Half of the world languages are dying really fast – how you can save yours

- July 4, 2017 in open-education

Languages are a gateway to knowledge. How can digital tools be used to help native language speakers access and contribute knowledge? In this blog, Subhashish Panigrahi shows how endangered languages can be documented and preserved using open standards and tools. The world’s knowledge that have been accumulated and coded over ages in different languages are valuable to learn about others’ cultures, traditions, and everything about their life. But not every language is not privileged to be a language of knowledge and governance. Almost half of the 6909 living languages of the world will be vanishing in a century’s time. The most linguistically diverse places like Papua New Guinea are also the most dangerous places for languages. Every two weeks, a language dies and with it a wealth of knowledge forever. In my home country India alone, there exist more than 780 languages. The rate in which languages are dying here is extremely high as over 220 languages from India have died in the last 50 years, and 197 languages from the country are identified as endangered by UNESCO.
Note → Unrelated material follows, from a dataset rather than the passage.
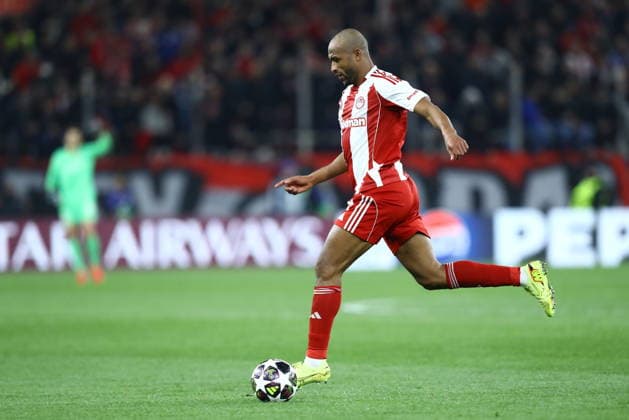 UEFA Champions League - Olympiacos FC vs Bayer 04 Leverkusen - Ayoub El Kaabi of Olympiacos FC in action during the UEFA Champions League Play-Offs 1st leg soccer match between Olympiacos FC and Bayer 04 Leverkusen in Georgios Karaiskakis Stadium, Piraeus, Greece, on 18 February 2026. IMAGO ONE INCH PRODUCTIONS PIRAEUS GREECE Copyright: xONExINCHxPRODUCTIONSx 6859952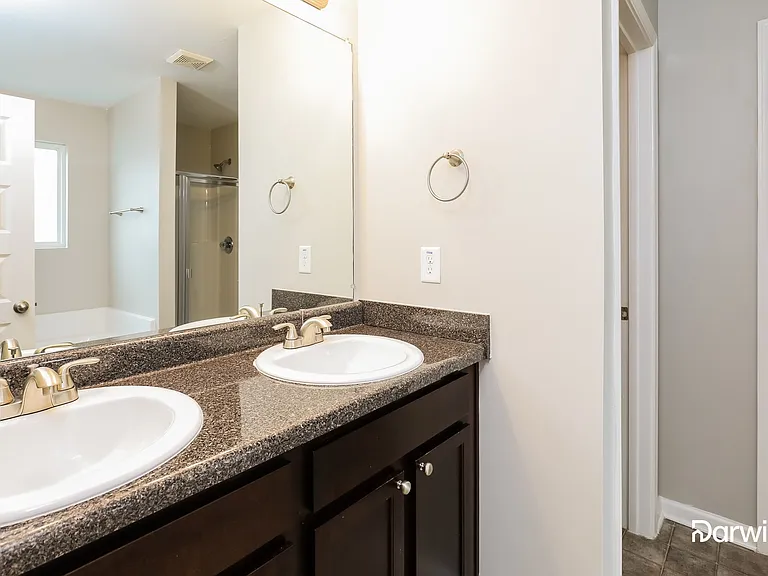 358 Lamont Ln — Photo 10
Word cloud depicting several Indian languages in their native scripts

With these languages dying, there die all that knowledge that is preserved in those languages. Languages that do not have tools for everyone to access knowledge and contribute to often go out of use. India for example is home to the highest number of visually impaired and illiterate people in the entire world: more than 15 million Indians are visually impaired and 30% are illiterate. But there do not exist many digital accessibility tools either for web or mobile, even though there are about 450-465 million internet users and 60% of them are mobile users. In fact, accessibility tools for most Indian languages are not affordable and are proprietary in nature.
There have been some efforts by the Indian government—like the Central Institute of Indian Languages (CIIL)—to grow the 22 officially recognized languages and some of indigenous languages. Founded in 1969, CIIL has been working to deepen research on Indian languages, and a program called “Protection and Preservation of Endangered Languages of India” was introduced in 2014 to help CIIL specifically to begin several projects for the conservation of endangered languages. Only 10-30% of India’s population can understand English, which is predominantly the language of the Internet. A recent report that was published by Google and KPMG states that more than 70% of the India’s Internet users trust content in their native language over English. The lack of native language content and the lack of electronic accessibility tools therefore plays an important factor in stopping a large number of people from accessing information and contributing to the knowledge commons. When confronted with a problem of this magnitude, there are a few vital things that must be to done to preserve and grow dying languages. Creation of audio-visual documentation of some of the most important socio-cultural aspects of the language such as storytelling, folk literature, oral culture and history is a start. When done by native language speakers, along with annotations of the same in done in a widely-spoken language such as English or Hindi, it is one way of creating digital resources in a language. These resources can be used to create content and linguistic tools to grow the languages’ reach. Sadly, there is little focus from the central government on many of these languages, but there are some effort from several organisations to document native languages. There is something every single individual that speaks a less-spoken language or is in contact with a native speaker of an endangered/indigenous language can do. Languages that are dying need digital activism to grow educational and accessibility tools.That can happen when more public and open repositories like dictionaries, pronunciation libraries, and audio-visual content are created.

Wiki Weekend Tirana 2016 (photo: Anxhelo Lushka)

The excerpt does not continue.